We are planning first to travel to Chiang Mai and aclimatize there for a month or so. 

Are there any travelers out there with children successfully living in Thailand that wouldn't mind giving us your contact info for a possible skype and email?

Thanks in advance,
Seltmanns


----------



## Nads1 (Jan 9, 2012)

Hi, we are moving from UK with three young children 11 months, 5 and 7 as well and would love to meet families so our kids can make friends. We will be in Bangkok though. From my research, it would seem that families with young kids do well there without any major problems. Get a nice house somewhere near to parks or have a big garden a bit out of Downtown Bangkok or further out. What about schooling?


----------



## maxolla (Feb 5, 2013)

Nads1 said:


> Hi, we are moving from UK with three young children 11 months, 5 and 7 as well and would love to meet families so our kids can make friends. We will be in Bangkok though. From my research, it would seem that families with young kids do well there without any major problems. Get a nice house somewhere near to parks or have a big garden a bit out of Downtown Bangkok or further out. What about schooling?


From all of my research Bangkok seems the last place a family would want to be. I have heard good things about Chiang Mai. If you are looking for a big city Bangkok is the ticket but if you want more of a slower pace for your kids there seems to be many better choices. 

Cheers


----------



## Nads1 (Jan 9, 2012)

maxolla said:


> From all of my research Bangkok seems the last place a family would want to be. I have heard good things about Chiang Mai. If you are looking for a big city Bangkok is the ticket but if you want more of a slower pace for your kids there seems to be many better choices.
> 
> Cheers



That is true but my school is within that busy city area and I don't want to travel far to work with my kids. I have discovered that there are some really nice gated communities with green space (obviously not extensive) in the Upper Suk. area.

So, we are really looking to live a bit out of town but not too much out.


----------



## cooked (Jan 30, 2011)

Being near a BTS train station is definitely a plus in Bangkok.
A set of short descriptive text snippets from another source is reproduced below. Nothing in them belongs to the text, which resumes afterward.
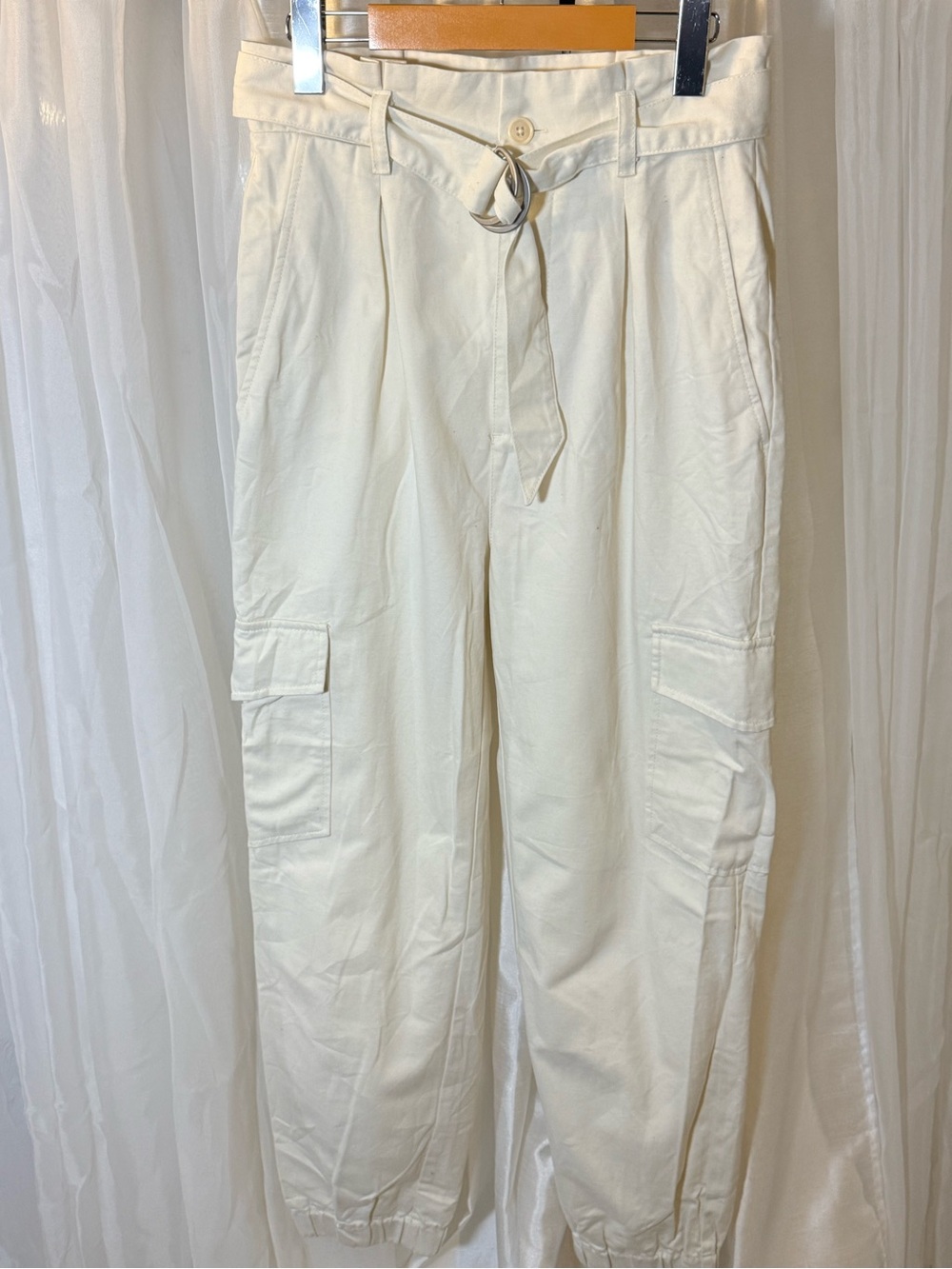 Sunday Best Cream Cargo Joggers with Self Belt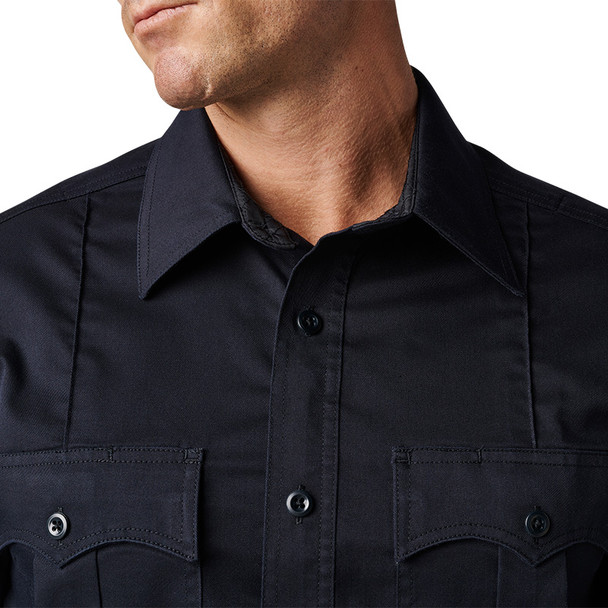 Men's Stryke PDU Twill Class A Long Sleeve Shirt - Midnight Navy (collar)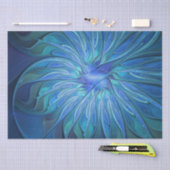Blue Blume Fantasy Pattern, Abstraktes Fraktal Art Seidenpapier (Handwerk)
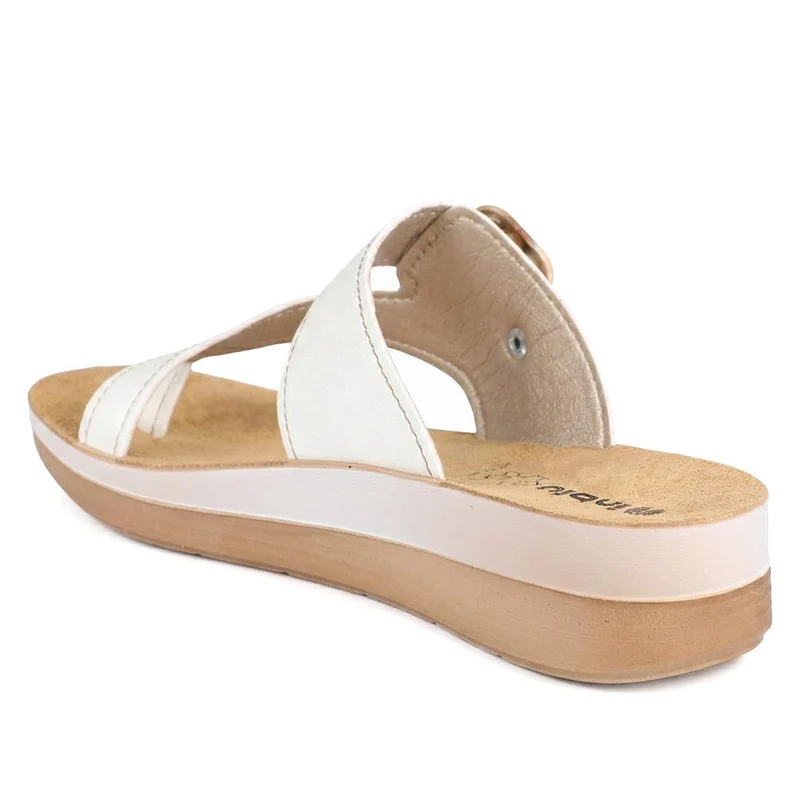 Inblu Buckle Fasten Toe Post Sandals - INB43056 / 330 395 - White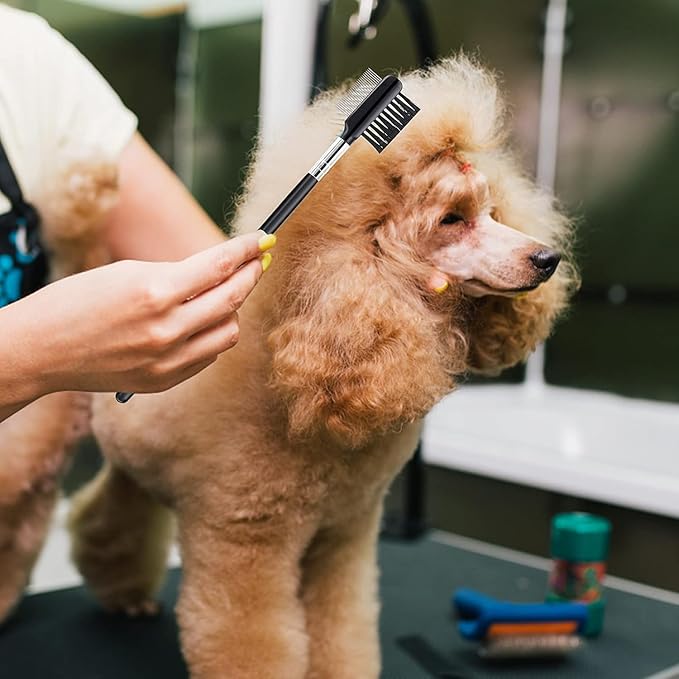 6in1 Pets Grooming Comb Kit, Cat Dog Flea Comb Grooming Comb Eye Comb Brush Pet Double-Sided Comb Remove Knots Crust Mucus for Puppy Kitten (6in1)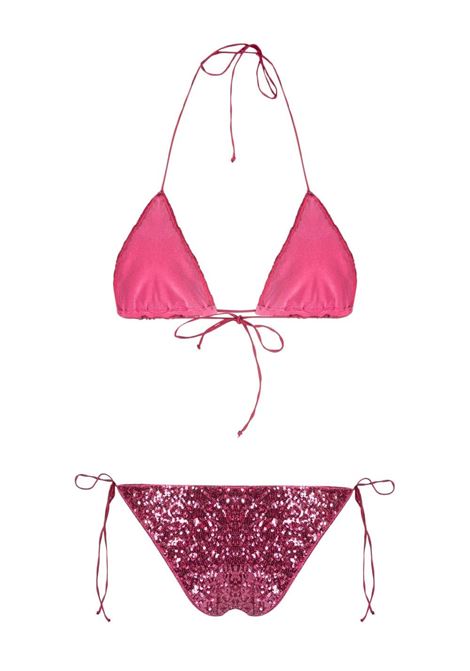 Pink sequin-embellished bikini set - women OSÉREE | PTF213RS
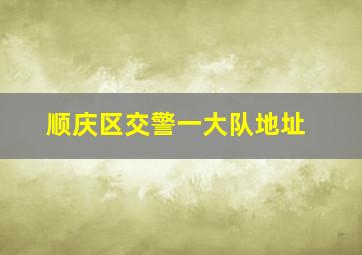 顺庆区交警一大队地址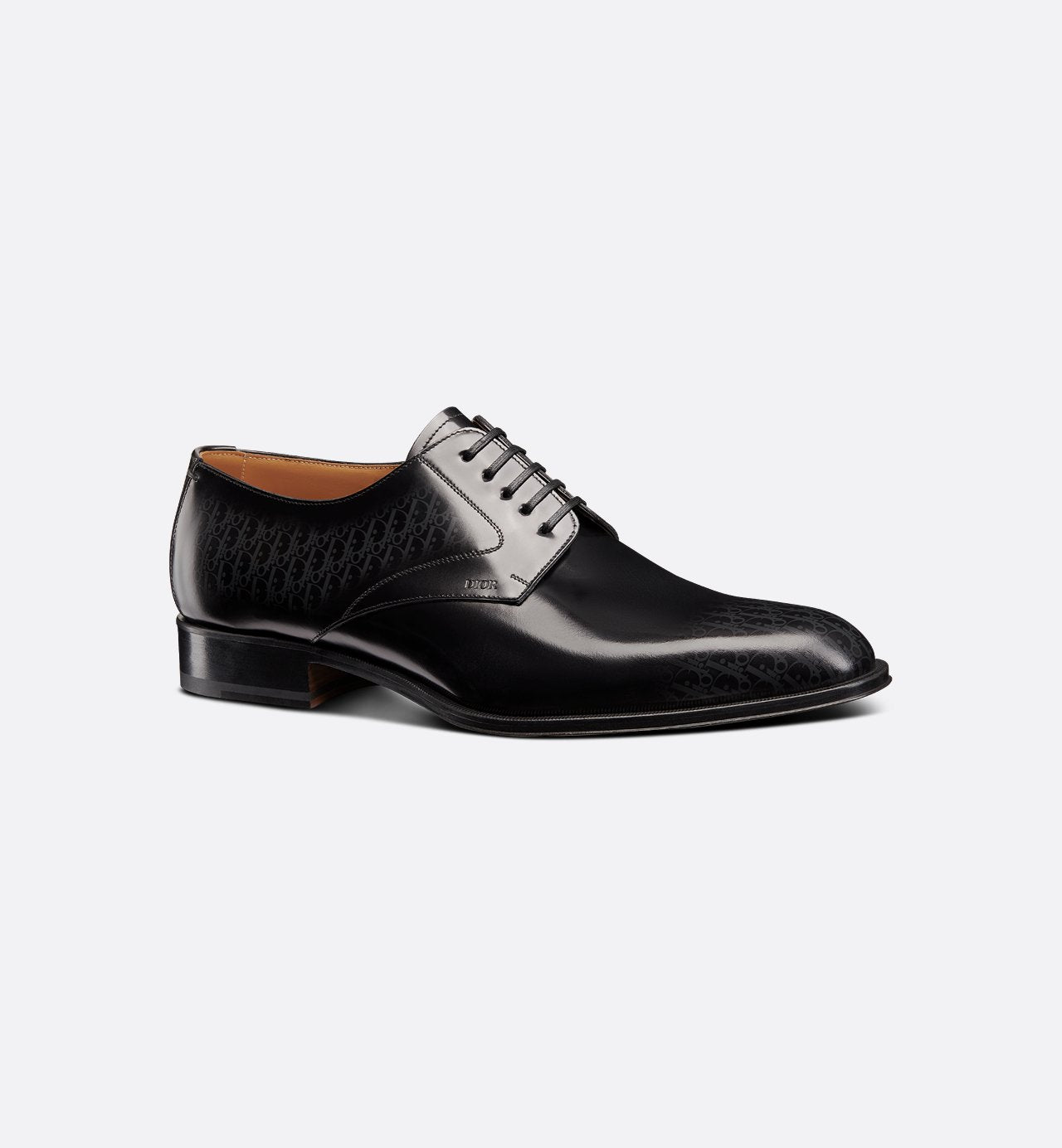 Timeless Derby Shoe Black Calfskin With Gray And Black Dior Oblique Gradient Patina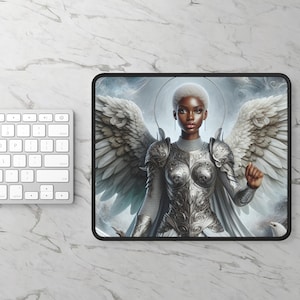 Ebony Angel Gaming Mouse Pad - Dark Fantasy Desk Mat for Gamers, Stylish Mousepad, Computer Accessories, Office Decor, Gift for Gamers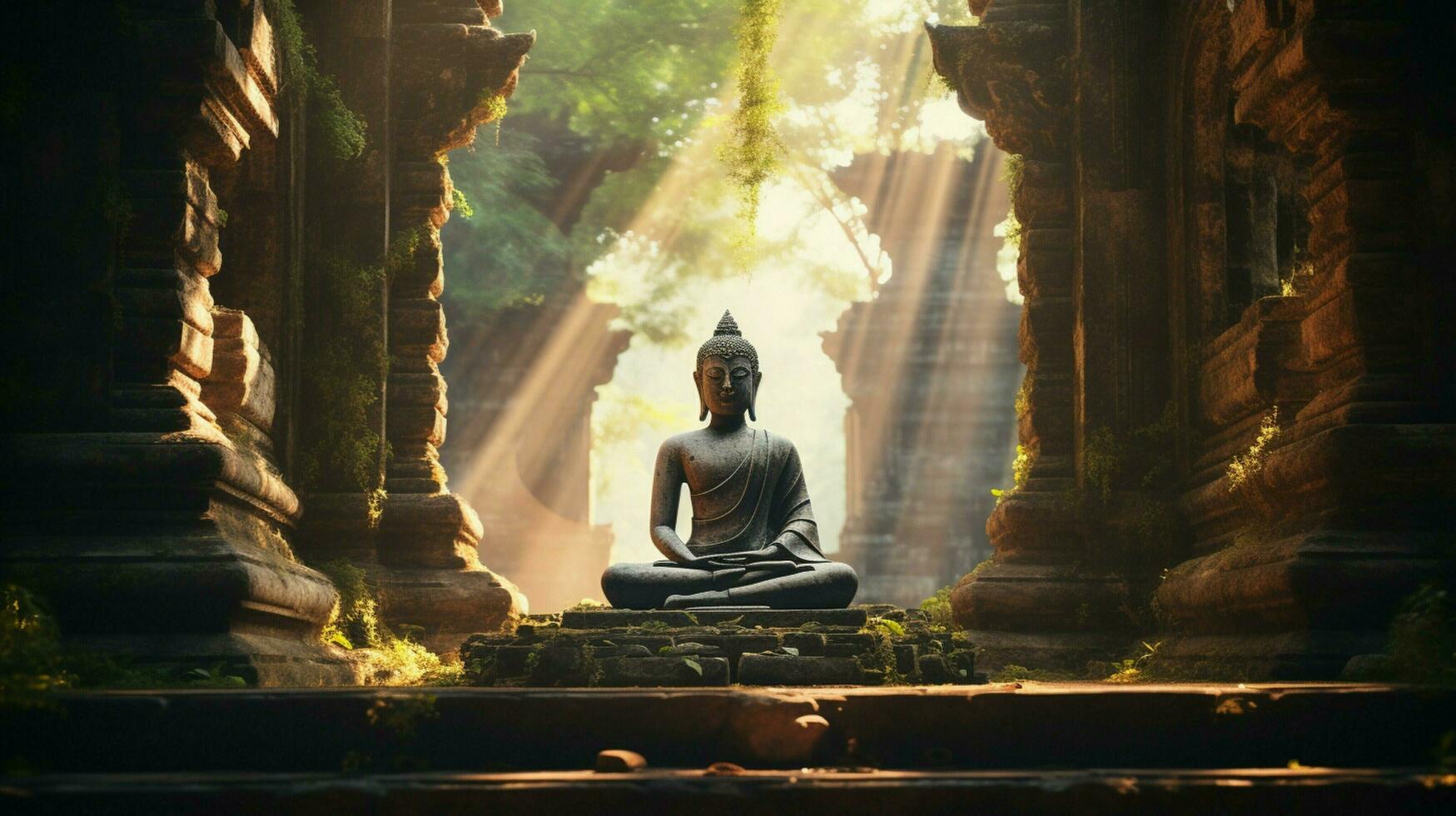 buddhist sculpture in tranquil scene ancient architecture photo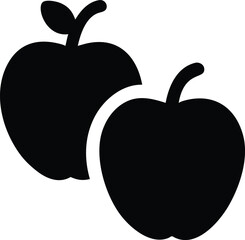 Minimalist Two Apple Silhouette Vector Icon Healthy Fruit Design



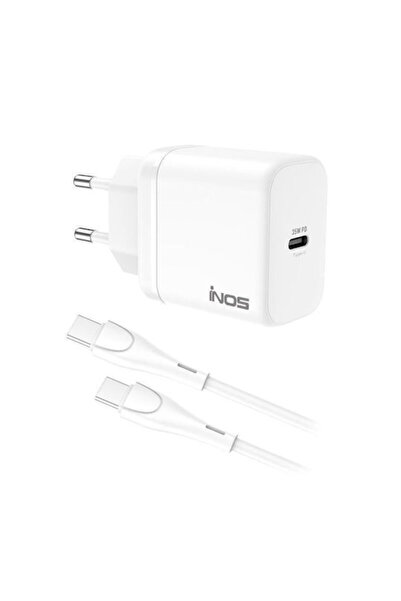 inos Φορτιστής GaN με Θύρα USB-C και Καλώδιο USB-C σε USB-C, 35W Power Delive...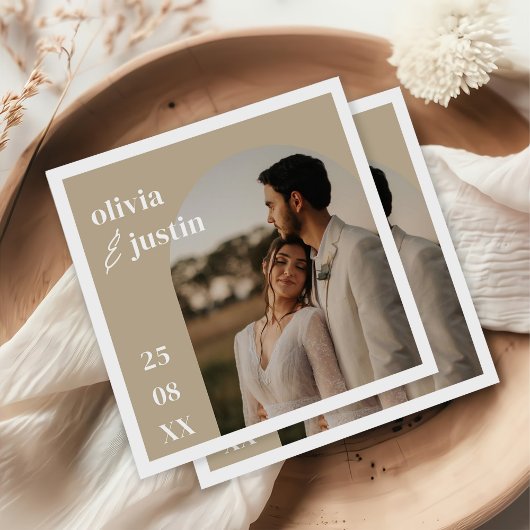 Modern minimalist Boho Arch Photo Wedding Servet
You have to pay for the privilege.


----------



## stednick (Oct 16, 2011)

maxolla said:


> From all of my research Bangkok seems the last place a family would want to be. I have heard good things about Chiang Mai. If you are looking for a big city Bangkok is the ticket but if you want more of a slower pace for your kids there seems to be many better choices.
> 
> Cheers


Realize that the City of Bangkok is a sprawling metropolis of more than 1,500 square kilometers (600 square miles) in area. Mostly built out, not up. This provides for a serious selection of diverse neighborhoods from downright congested big inner city slums to green open areas with outdoors park settings. You can find just about any socioeconomic habitat you desire. 

Of course, finding the best location will require considerable detective work on your part.


----------



## grgo69 (Feb 21, 2013)

What I seen Udon Thani is nice place to live, and not too hot and Thai attitude toward Farangs is good, and I think pretty cheap


----------